As an experiment, I have created a single-file download source. For information about how to get it, read this page.
I plan to update that download weekly.
(The experiment is (a) does this reduce scraping of the main Archive server? And (b) how much does it wind up costing us in AWS hosting fees? I’ll report back in a couple of month.)
I appreciate what you did, truly, but I’m not about to download 30GB worth in one sitting. In fact, I keep thinking that anything over 500MB is rather stiff. I’ve downloaded 6GB zip files before and the experience were always unpleasant, regardless of my available bandwidth.
Any chance of splitting the zip files to their top most directories? There are directories that I want to download wholesale, but not all of them!
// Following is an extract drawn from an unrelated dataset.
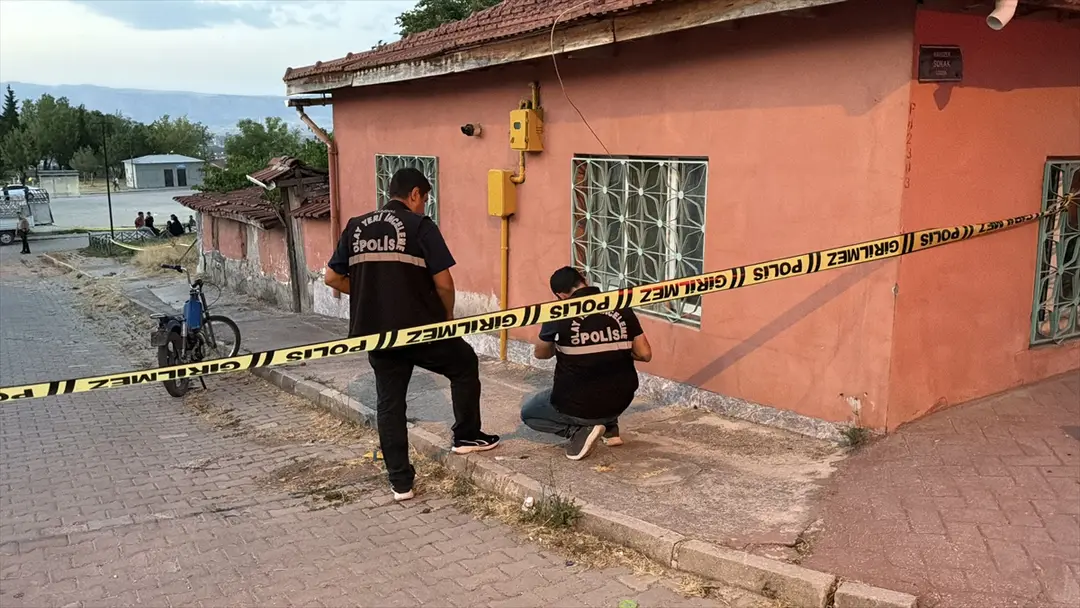 3 Injured, Including Child, in Eskişehir Armed Brawl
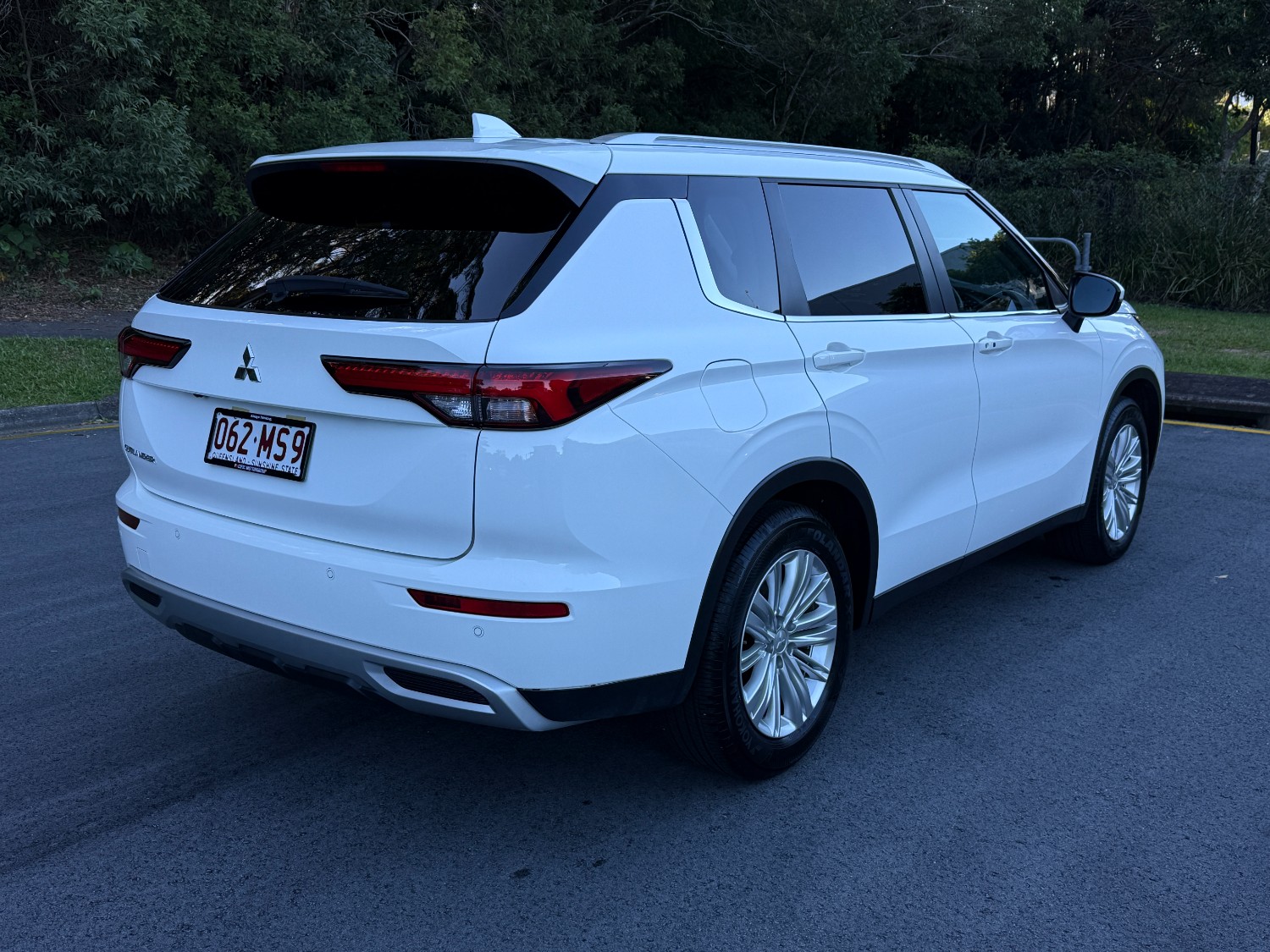 2023 MY24 Mitsubishi Outlander ZM LS SUV Image 13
Actually, depending on the directory, it may even make sense to split the subdirectory further, as well as providing a “new file addition” so people can just download them monthly and be up to date.
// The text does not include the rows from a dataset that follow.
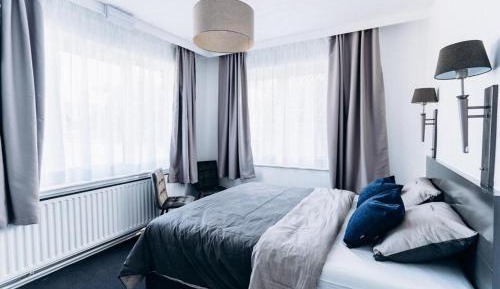 Deluxe Double Room with Shower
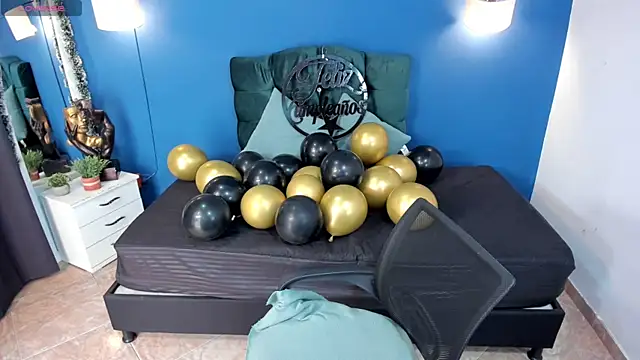 Snapshot of MIABOOBS__ chatting on 9, 1, 2025 MIABOOBS online show from 9, 1, 2025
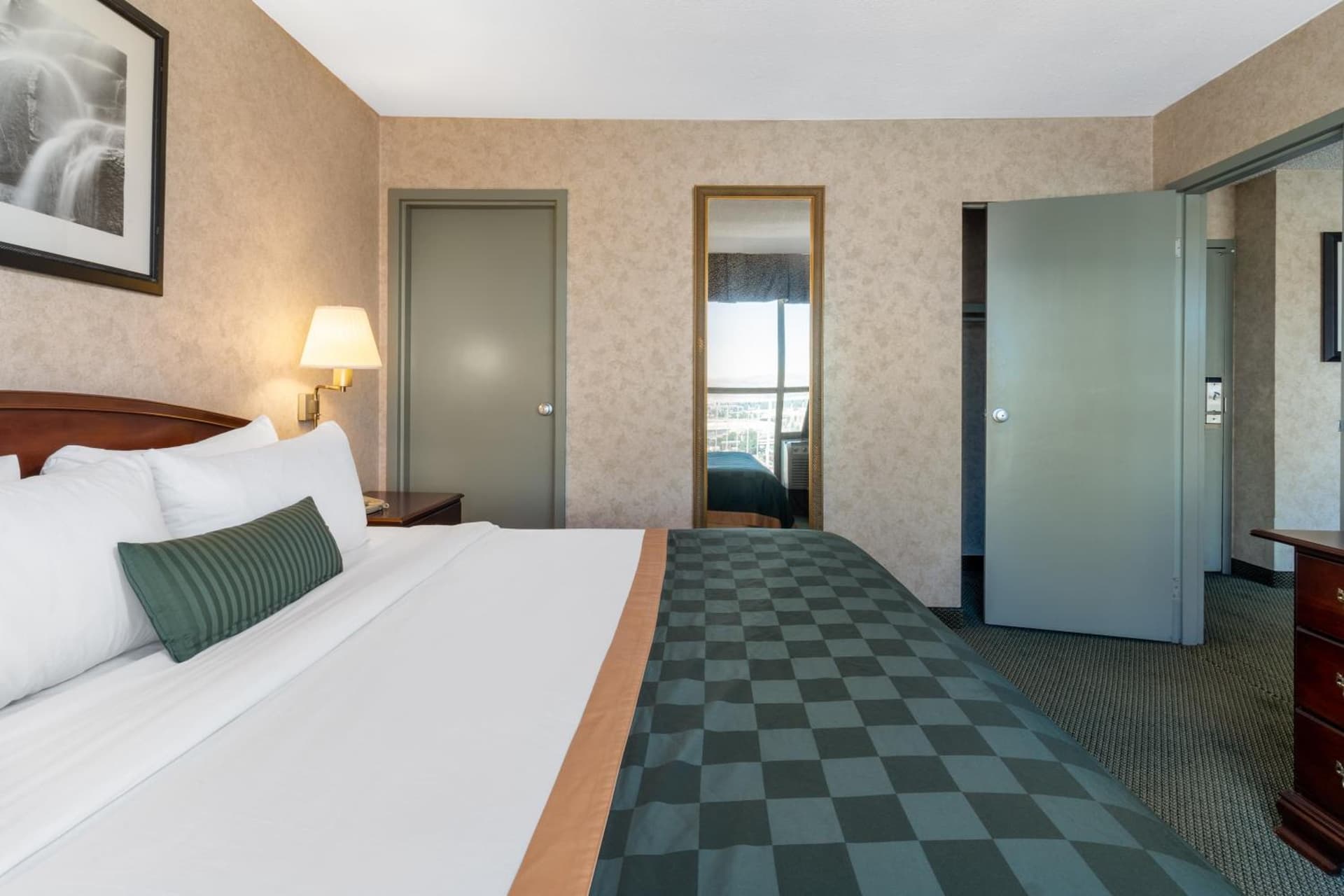 Ramada by Wyndham Reno Hotel & Casino gallery photo in Reno, NV — image 25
It’s safe to say that if you’ve never tried to figure out how to download every Archive file with a script, you’re not the target audience for this announcement.
That wouldn’t change much, as /games would be on the high side of 25 gigabytes by itself.
I don’t want to get into trying to guess what subsets people want. That really is a job for a scraping script. “Recent files” is possibly a workable idea, though – thanks.
Rsync may be overkill if done regularly by a lot of people. Maybe those who download the whole site can be persuaded to open up their site as mirrors?
Maybe monthly patches (diff) is desirable? I don’t know how non-unix users are going to cope, though. Diff and patch may not be standard commands in Windows or iOS.
MacOS and Linux come with rsync installed. Windows can install it via WSL or the Chocolatey package manager.
The nice thing about rsync is that it’s incremental. For example, this command will download all the files in games/zcode:
rsync -a rsync://rsync.ifarchive.org/if-archive/games/zcode destdir
It takes about 70 seconds the first time you run it. After that, destdir has the files, so if you re-run the command, it only downloads changed or new files. If nothing has changed, the command determines this and exits immediately.